PROBLEM DETAILS: Without the pictures, write out all the lines below exactly as they appear.

======== RECORD EXTRACTS

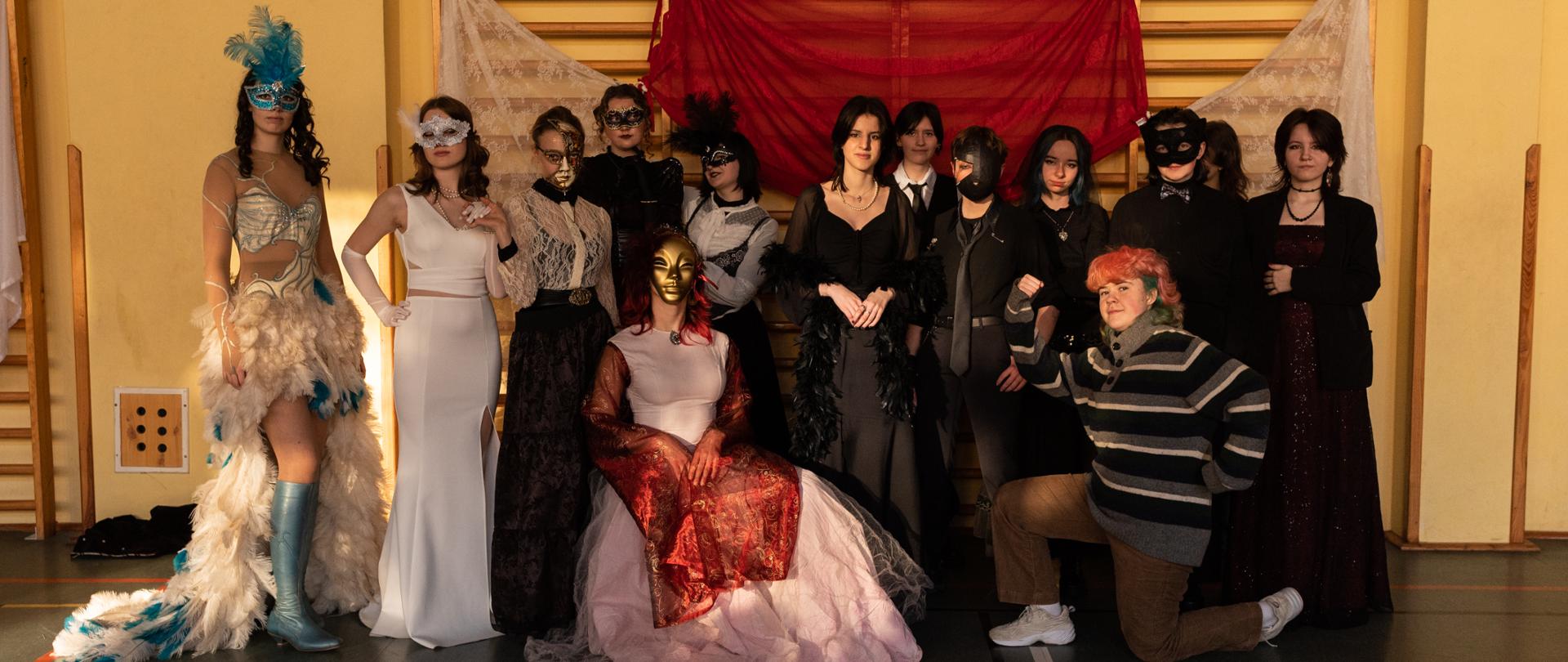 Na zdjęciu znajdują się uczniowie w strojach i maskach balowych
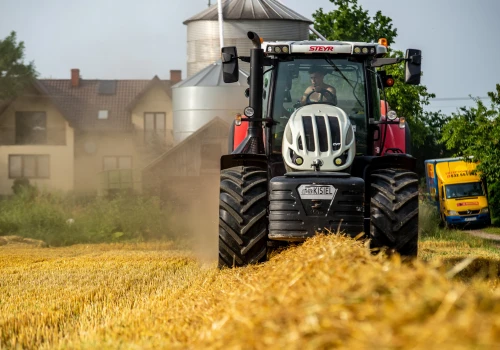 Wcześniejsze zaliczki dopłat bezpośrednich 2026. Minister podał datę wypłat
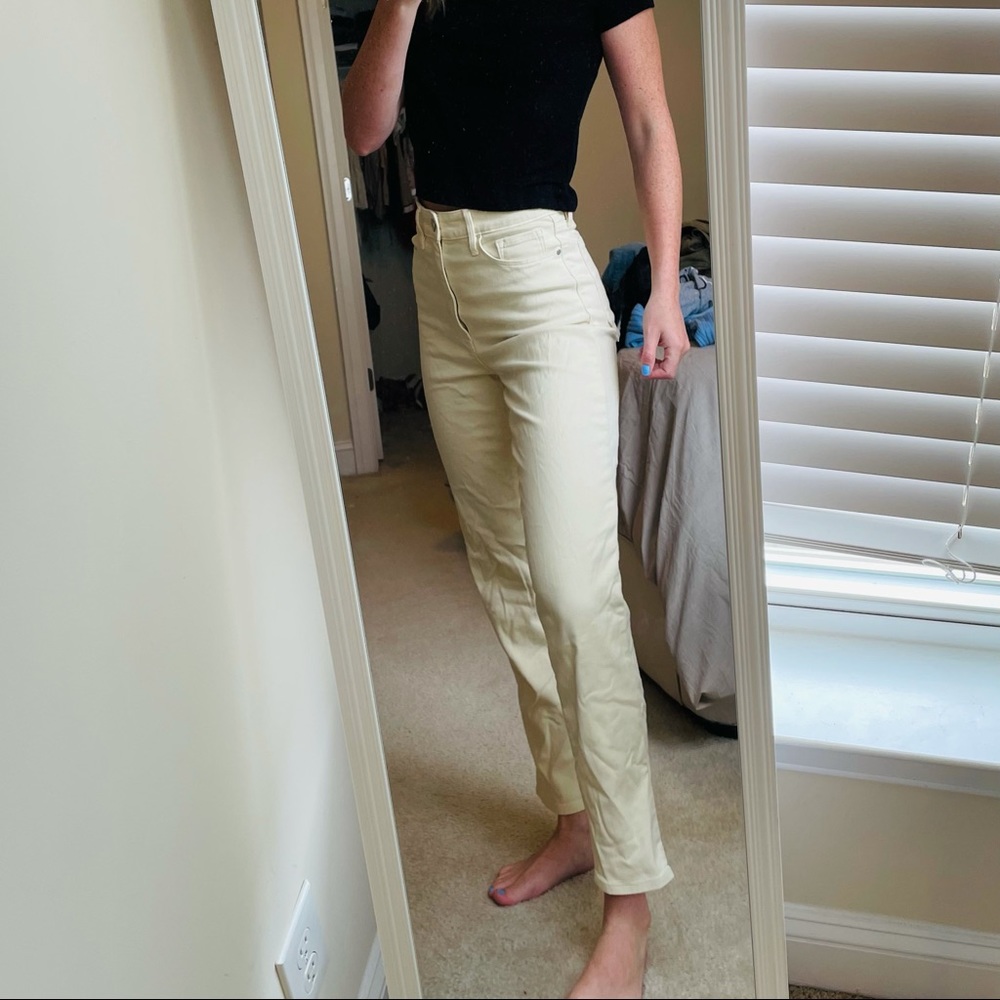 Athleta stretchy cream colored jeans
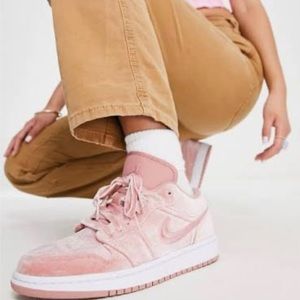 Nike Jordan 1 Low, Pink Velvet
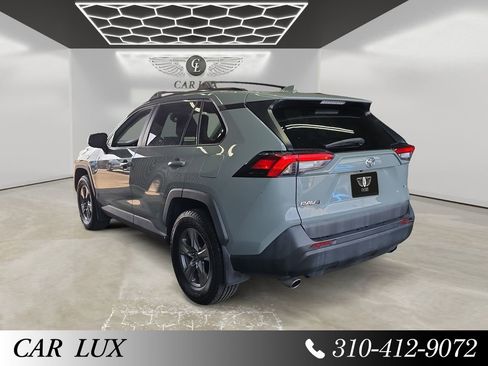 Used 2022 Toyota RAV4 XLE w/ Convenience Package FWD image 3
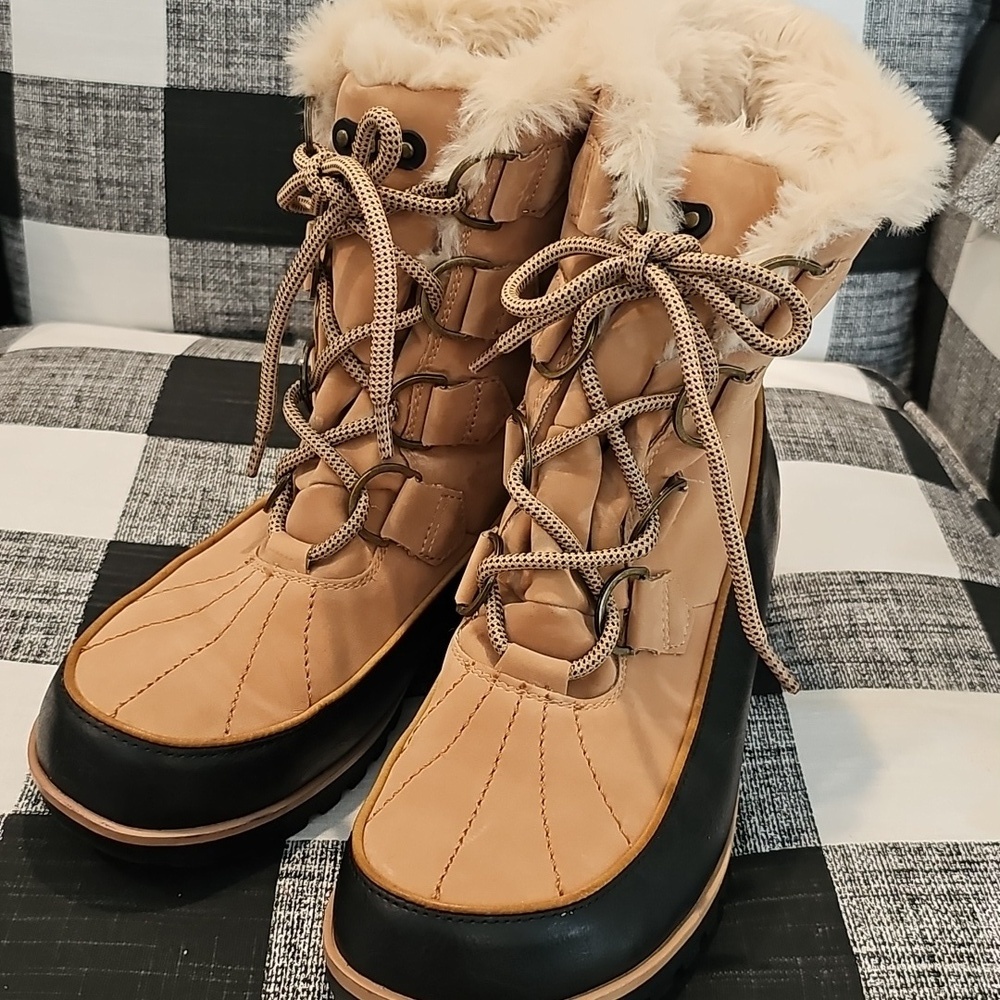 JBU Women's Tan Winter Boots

================

RESULT FOR THIS TASK:
 Na zdjęciu znajdują się uczniowie w strojach i maskach balowych
 Wcześniejsze zaliczki dopłat bezpośrednich 2026. Minister podał datę wypłat
 Athleta stretchy cream colored jeans
 Nike Jordan 1 Low, Pink Velvet
 Used 2022 Toyota RAV4 XLE w/ Convenience Package FWD image 3
 JBU Women's Tan Winter Boots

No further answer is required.